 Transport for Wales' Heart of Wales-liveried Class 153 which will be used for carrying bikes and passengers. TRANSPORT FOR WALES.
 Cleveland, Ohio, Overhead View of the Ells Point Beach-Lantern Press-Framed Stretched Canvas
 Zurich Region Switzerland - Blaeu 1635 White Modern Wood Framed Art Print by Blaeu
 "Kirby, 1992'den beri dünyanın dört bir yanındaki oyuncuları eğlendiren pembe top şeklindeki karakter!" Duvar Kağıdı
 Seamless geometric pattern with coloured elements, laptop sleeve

---

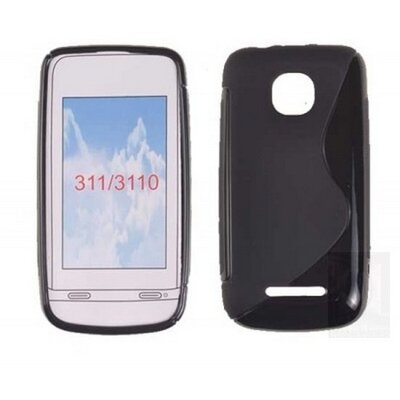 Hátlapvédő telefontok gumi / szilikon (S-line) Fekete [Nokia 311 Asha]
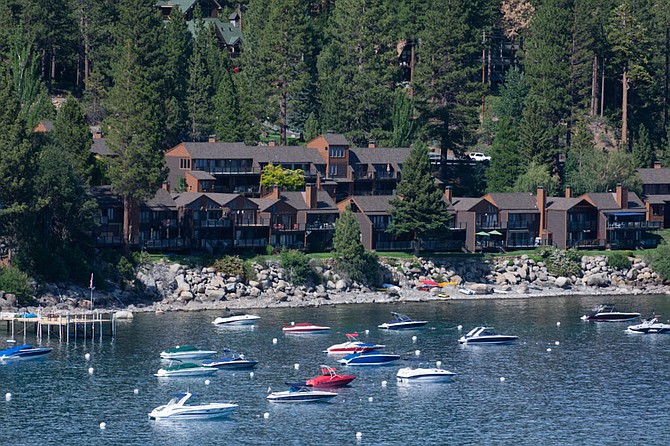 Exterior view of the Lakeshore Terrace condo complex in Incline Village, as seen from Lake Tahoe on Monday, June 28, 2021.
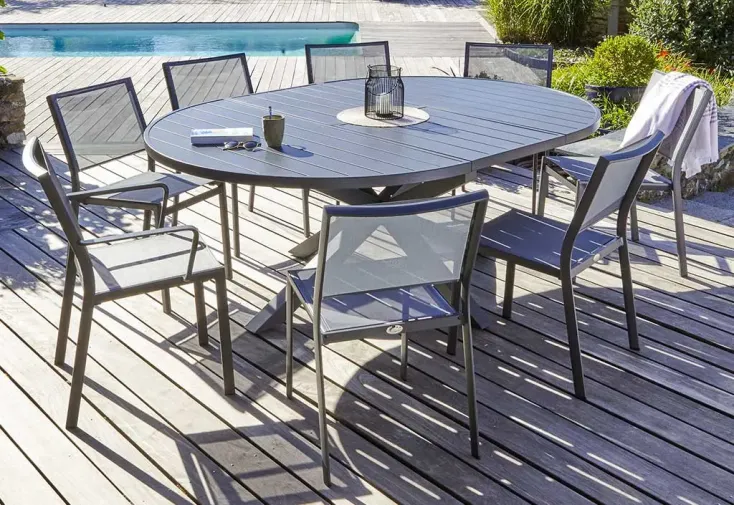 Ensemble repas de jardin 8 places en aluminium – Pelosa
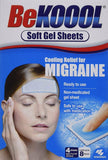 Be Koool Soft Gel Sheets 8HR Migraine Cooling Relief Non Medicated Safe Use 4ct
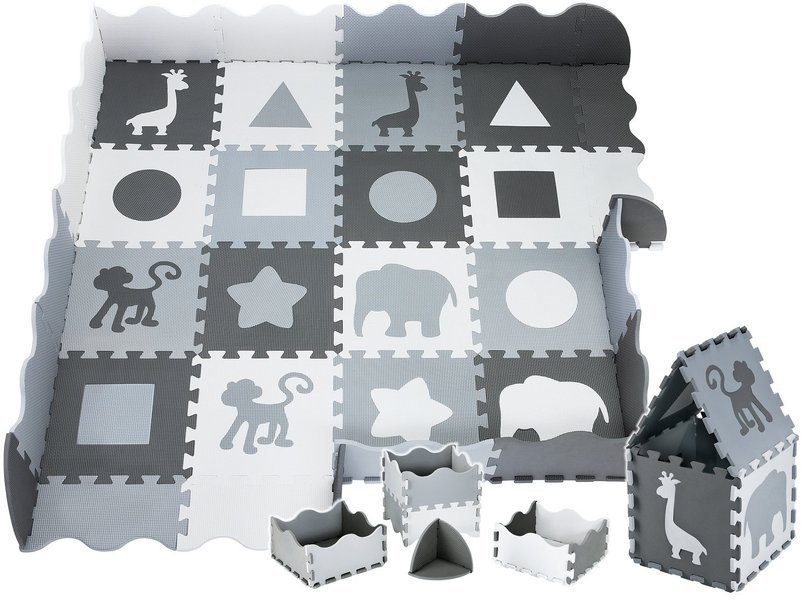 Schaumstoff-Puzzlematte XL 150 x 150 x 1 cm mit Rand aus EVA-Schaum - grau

_HOW TO COMPLETE THIS TASK_
Which lines contain "Framed"? Copy each of them from the listing.

_EXERCISE ANSWER_
 Cleveland, Ohio, Overhead View of the Ells Point Beach-Lantern Press-Framed Stretched Canvas
 Zurich Region Switzerland - Blaeu 1635 White Modern Wood Framed Art Print by Blaeu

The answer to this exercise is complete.